Sharp barrier estimates for Bessel bridges
Leandro Chiarini, Ellen Powell
TL;DR
This work delivers sharp barrier estimates for a $d$-dimensional Bessel bridge relative to an affine barrier, providing precise asymptotics for the constrained path probability as the time horizon grows. The authors reduce the affine-barrier problem to a flat-barrier problem through time-inversion and scaling, then obtain a leading-term expression in terms of $\mathcal{P}_{a,b,x}$ and $\widehat{\mathcal{P}}_b(x)$ plus a vanishing error, and they establish non-sharp universal bounds as well. They further explore the behaviour as $a$ and $j$ grow and prove a perturbation result for small concave barrier corrections $h$, yielding a limsup bound with a vanishing relative error.
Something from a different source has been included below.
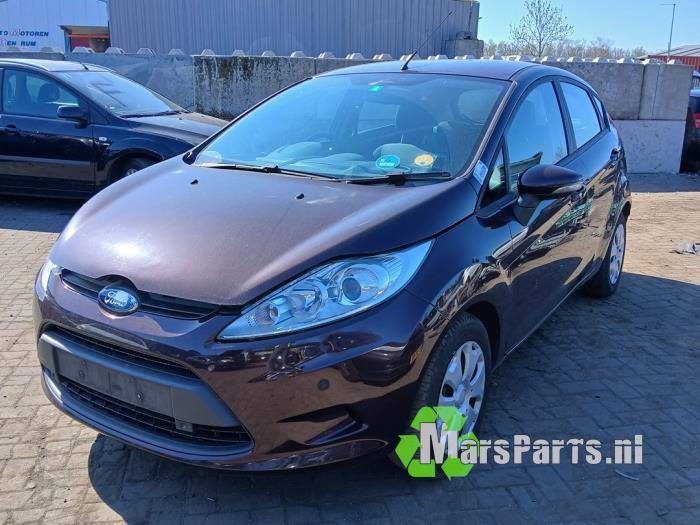 Ford Fiesta 6 1.6 TDCi 16V Sloopvoertuig (2010, Rood)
The results illuminate the maxima and extremal behavior of log-correlated systems and have potential applications to models like branching Brownian motion and the planar Gaussian free field, where constrained path probabilities underpin fine-scale extreme value analysis.
Abstract
In this article, we derive precise estimates for the probability that a Bessel bridge of dimension $d \ge 0$ and end points $x$ and $a+bT-j$ stays below the linear barrier $a + bt$ for all $t \in [0,T]$. We identify the leading order term as well as the asymptotic error for this probability as $T\to \infty$, depending on $a,b,j,x$. We also derive the behaviour of such leading term as we allow $a,j\to \infty$, and obtain precise bounds for all error terms. Finally, we establish a complementary result where the linear barrier is perturbed by a small concave function.